- Task directions -
With pictures left out, set down exactly the lines from the line containing "Spanish National Police" through the last line of the data.

- Listed entries -

----------

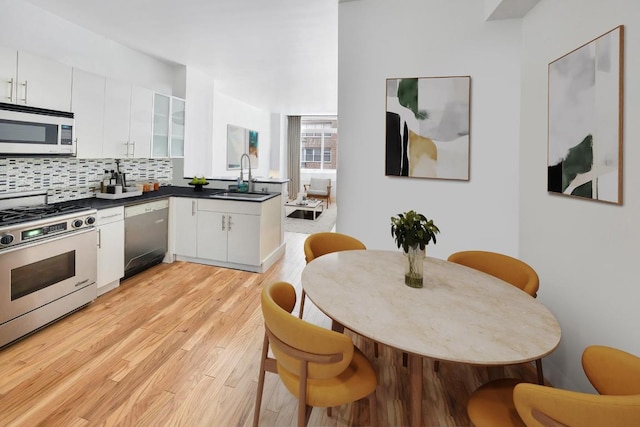 kitchen featuring decorative backsplash, sink, light wood-type flooring, appliances with stainless steel finishes, and white cabinets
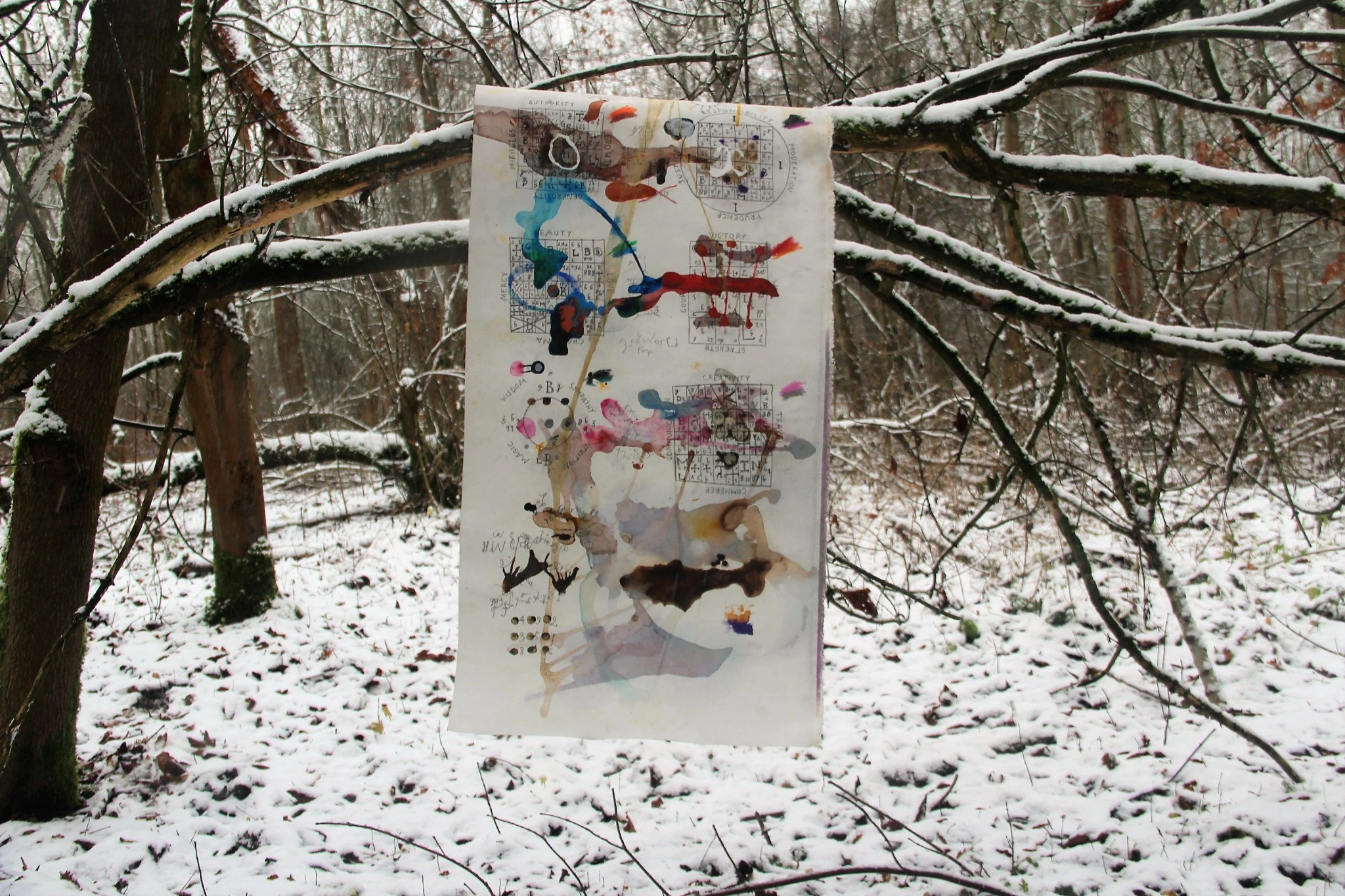 A work on a pale support suspended among branches in a snow-covered woodland
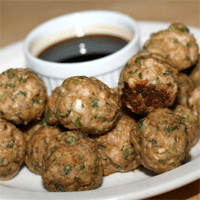 A plate of meatballs and sauce on the table.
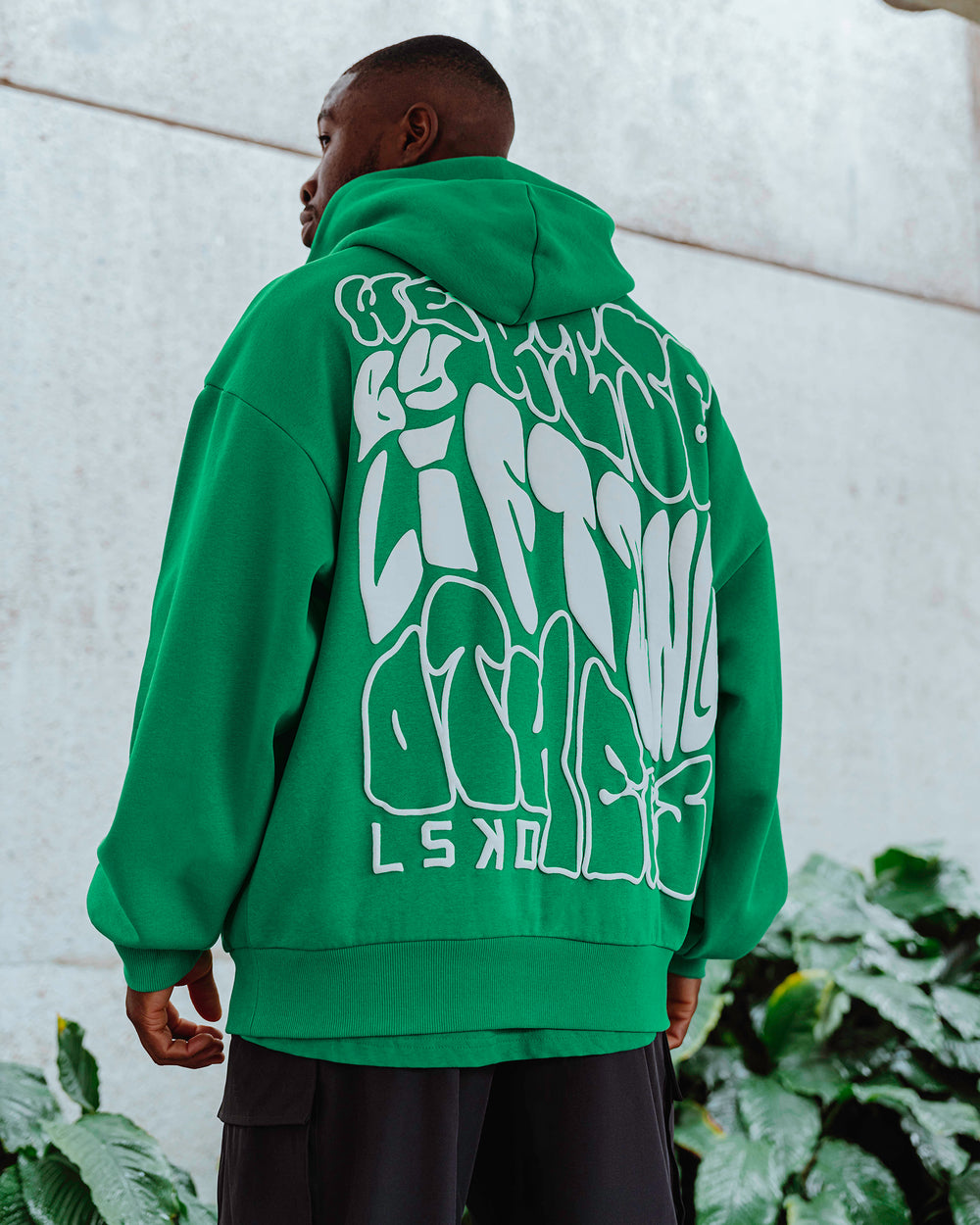 Man wearing Unisex We Rise Hoodie Oversize - Impact Green-White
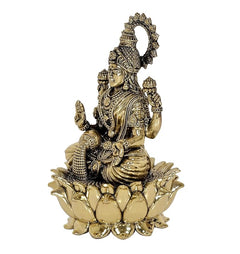 Side profile Lakshmi brass idol with lotus base, raised hand gesture and crown
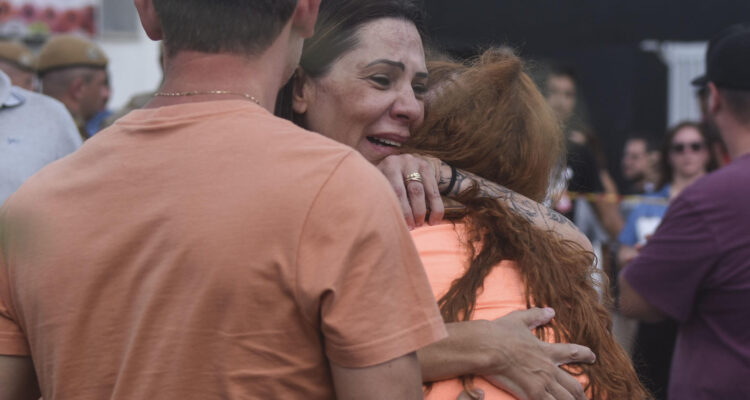 Familiares se abrazan a la entrada de la guardería Cantinho Bom Pastor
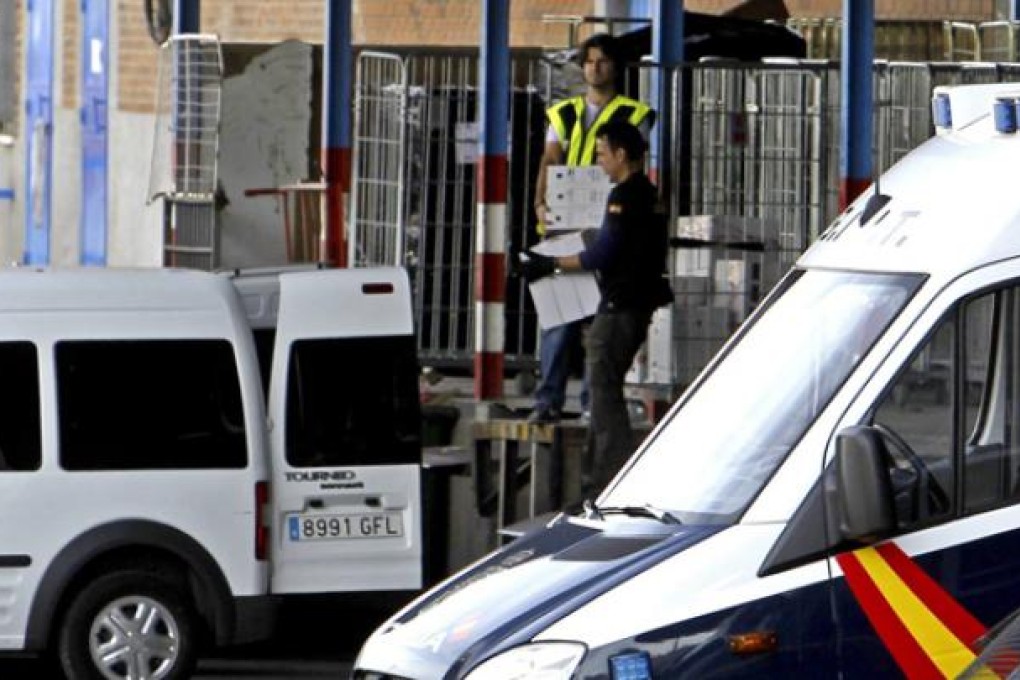 Spanish National Police agents collect documents found after they raided a Chinese business at the Cobo Calleja industrial estate, in Fuenlabrada district, Madrid, on Tuesday. Photo: EPA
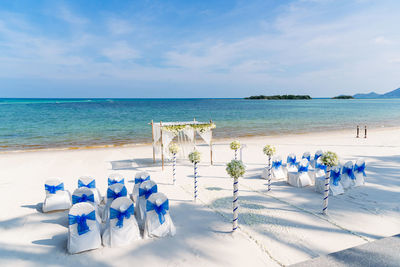 Scenic view of beach against blue sky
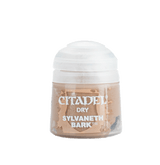 A small paint pot with a rounded white cap and a clear lower container filled with warm tan-brown paint. Its front label reads “CITADEL,” “DRY,” and “SYLVANETH BARK.”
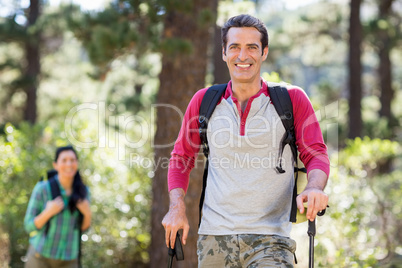 Man smiling and hiking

----------

- The completed task -
 Spanish National Police agents collect documents found after they raided a Chinese business at the Cobo Calleja industrial estate, in Fuenlabrada district, Madrid, on Tuesday. Photo: EPA
 Scenic view of beach against blue sky
 A small paint pot with a rounded white cap and a clear lower container filled with warm tan-brown paint. Its front label reads “CITADEL,” “DRY,” and “SYLVANETH BARK.”
 Man smiling and hiking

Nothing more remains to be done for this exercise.